Jan. 6, 2026, 3:48 p.m.
(PHOTO: Olesya Lantsman/CPR)
The problem of the lack of shelters in Odesa - out of 3,696 necessary shelters and 124 mobile shelters, only 1,189 have been available in the city - has not been resolved in almost four years of full-scale invasion.
TheCenter for Public Investigations found out how the situation with shelters in Odesa really is, who should determine their need, and why even in the fourth year of the war, the city does not have a clear system.
In June 2025, the executive committee determined that the city needed 3,696 shelters and 124 mobile shelters. The Odesa District State Administration received and approved this calculation a week earlier. At the same time, paragraph 2 of the executive committee's decision instructed the Main Directorate of the State Emergency Service of Ukraine to conduct a survey of the territories to identify additional facilities that could be used as dual-purpose structures to shelter the population.
At the request of the CPR to fulfill this instruction, the Main Directorate of the State Emergency Service of Ukraine in Odesa Oblast advised to contact the Odesa City Military Administration directly, which gives the impression of the formal nature of this provision in the decision. In addition, the city council, at the request of the LRC to provide a list of shelters that actually work, provided not a list, but a decision on the need without further explanation.
Back in June 2023, the Decree of the President of Ukraine enacted the decision of the National Security and Defense Council of Ukraine "On the Results of Operational Inspections of the Civil Protection Facilities and Solving Problematic Issues of Sheltering the Population".
This decision recognized the work on ensuring the readiness of the civil defense facilities for their intended use, including in Odesa, as unsatisfactory.
This is how the map of shelters and shelters in Odesa looks like.
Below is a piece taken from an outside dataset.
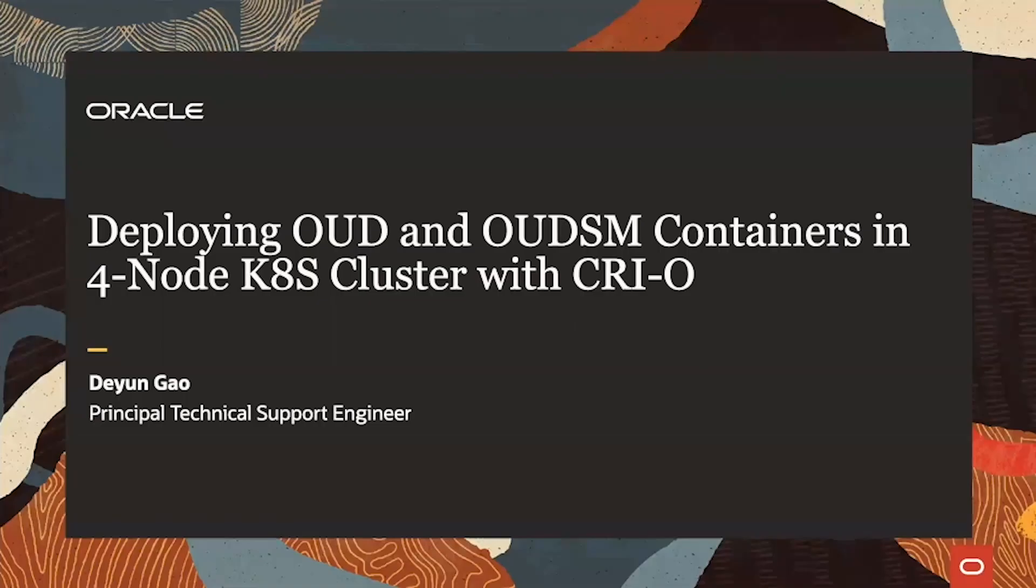Hello, my name is Diyun Gao. I'm a Principal Technical Support Engineer in Fusion Middleware Identity Support Team.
PHOTO: Screenshot of the Odesa City Council website
However, it was only in April 2025, almost two years after the NSDC decision, that the Odesa City Council adopted a decision "On the Fund of Civil Defense Facilities of the City of Odesa," which approved a list of 1189 protective facilities and instructed the Executive Committee to determine the need for a fund of civil defense facilities.
Until 2019, one of the executive bodies of the Odesa City Council was the Department of Defense, Civil Protection and Interaction with Law Enforcement. The last found regulation of this department was approved by a decision of the Odesa City Council back in October 2013.
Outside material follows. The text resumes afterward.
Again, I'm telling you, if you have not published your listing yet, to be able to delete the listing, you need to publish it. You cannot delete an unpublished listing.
This regulation stipulates that the department organizes the implementation of legal requirements for the creation, use, maintenance and reconstruction of the civil defense fund, as well as determining the need for the fund.
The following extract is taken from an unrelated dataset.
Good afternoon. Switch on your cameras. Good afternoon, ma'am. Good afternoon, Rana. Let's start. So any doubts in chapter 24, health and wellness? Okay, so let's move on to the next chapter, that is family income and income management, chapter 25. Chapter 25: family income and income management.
However, the decision of the Odesa City Council "On Measures to Improve the Efficiency of Exercising the Powers of the Executive Bodies of the Odesa City Council" terminates the activities of this department. Most of its powers will be transferred to the newly created Department of Municipal Security. However, if you carefully analyze the provisions of the Department of Municipal Security as amended by the Odesa City Council's decision, you will see that almost all activities in the field of civil protection are concentrated there - except for the authority to determine the need for objects of the civil protection fund.
Previous versions of the regulation also did not contain such powers. Thus, it remains unclear which body within the Odesa City Council was responsible for calculating the need for shelters and submitting it to the district or regional authorities for approval.